What the exercise asks: Can the data below be echoed back word for word?

Data shown:

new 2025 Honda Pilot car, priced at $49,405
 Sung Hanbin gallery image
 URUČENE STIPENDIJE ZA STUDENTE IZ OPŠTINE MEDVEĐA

Response to the task:
new 2025 Honda Pilot car, priced at $49,405
 Sung Hanbin gallery image
 URUČENE STIPENDIJE ZA STUDENTE IZ OPŠTINE MEDVEĐA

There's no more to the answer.